Sunday, October 23, 2011
My motto is: Its better to have it and not need it than to need it and not have it.
I've been thinking about preparedness lately. What prompted that was a friend of mine, who seriously keeps up on all things political, told me a while back that food prices were going to rise drastically. Gas and corn prices are going up and those two things are interconnected with everything we eat. Well, I started noticing it coming true!! I'm sure you have too. So, I bought a small freezer and started gradually filling it up. My thoughts on this were solely to save money on groceries in the event of a depression or food lines like they had in Russia during the cold war. (That may sound crazy and paranoid, but it COULD happen....because at one time in history it DID happen. Refer back to the first sentence in this post.)
Last night, I was reading another blog, Homestead Revival and she issued a challenge that really made me think and take my preparedness a step further. The challenge is basically to have a 3 day "stash" of ready to prepare meals in case of emergency. It really has nothing to do with anything political but more in the event of a natural or even a man made disaster. Its not unreasonable to think that a tornado (where I live), a hurricane, an earthquake, blizzard, or flood could knock out the power and water for a few days (or more!). The reason for having 3 days of food set aside from the rest of the pantry is because its been shown that when a disaster occurs it takes about 3 days to overcome the emotional shock of it all. In those 3 days, a family still needs to eat and drink. So, the meals should be in their own containers, labeled, easy to find, and not touched until ready for use. They should be shelf stable and last at least 6 months. In fact, just to insure the food stays fresh, you should eat the food every 6 months and immediately re-stock. You wouldn't want to find out in the middle of a crisis that your food expired 2 years ago!!

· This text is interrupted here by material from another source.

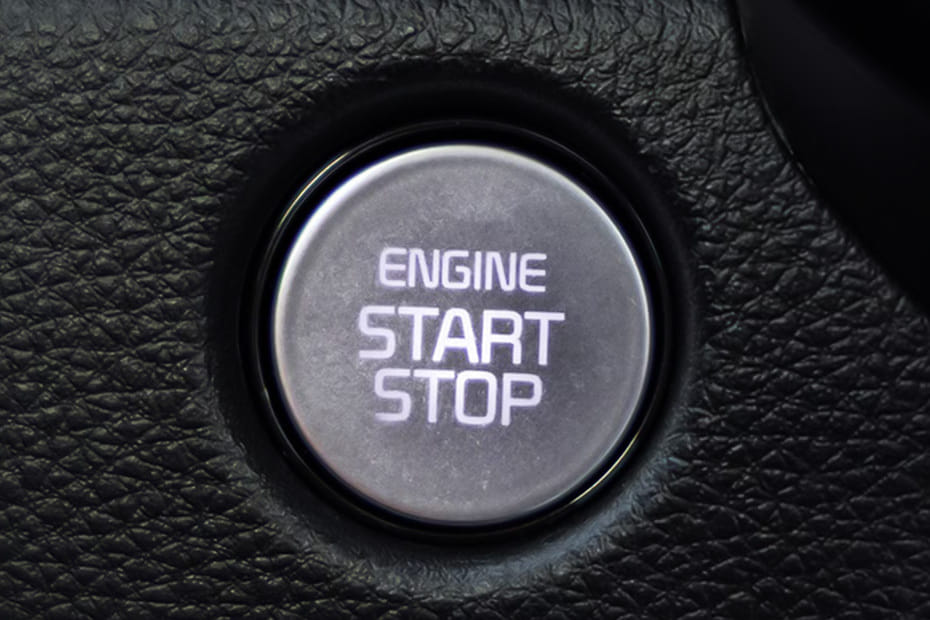 KIA Carnival Hybrid Engine Start Stop Button
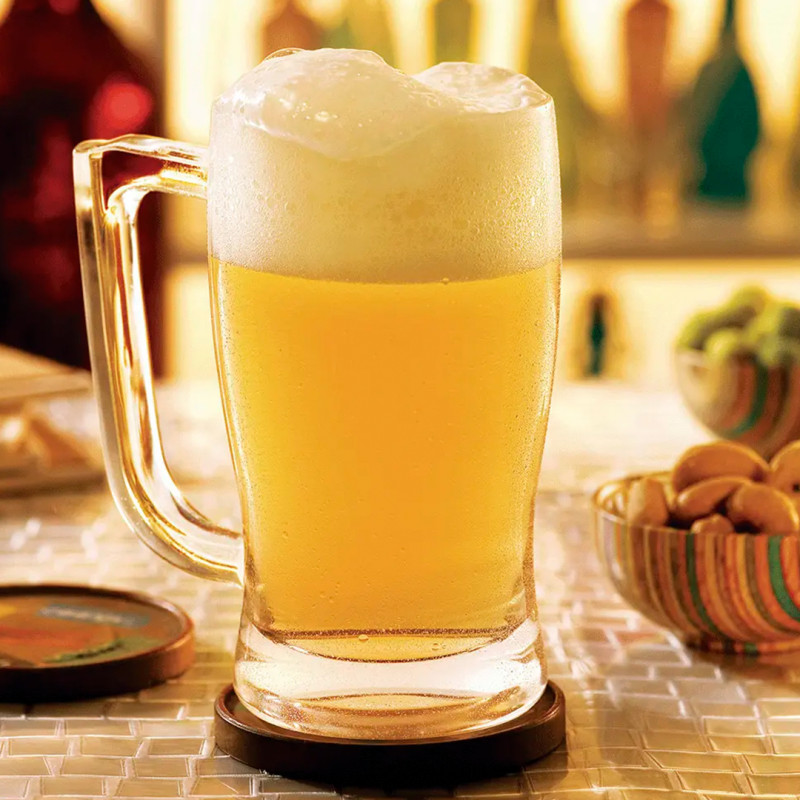 Set 12 Vaso Shopero Taberna 340ml - Alt 13,6cm Diam 7,7cm Vid Nadir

In Amy's original post, the link I just shared with you, she challenges everyone to post just one meal they would put in their box. You really should go check it out. Its really interesting to read the other entries. They are full of great ideas!
So, here are my ideas.
First of all, in the event that I had no electricity, I would feel the need to quickly use up things from the freezer and the fridge. Also, I have chickens and a garden. So, depending on the time of the year, I would have eggs, veggies, and herbs available, maybe fruit too. We have some fruit and pecan trees on our place. I also use a propane stove so I can't imagine not having that available to use just because we may not have power or water.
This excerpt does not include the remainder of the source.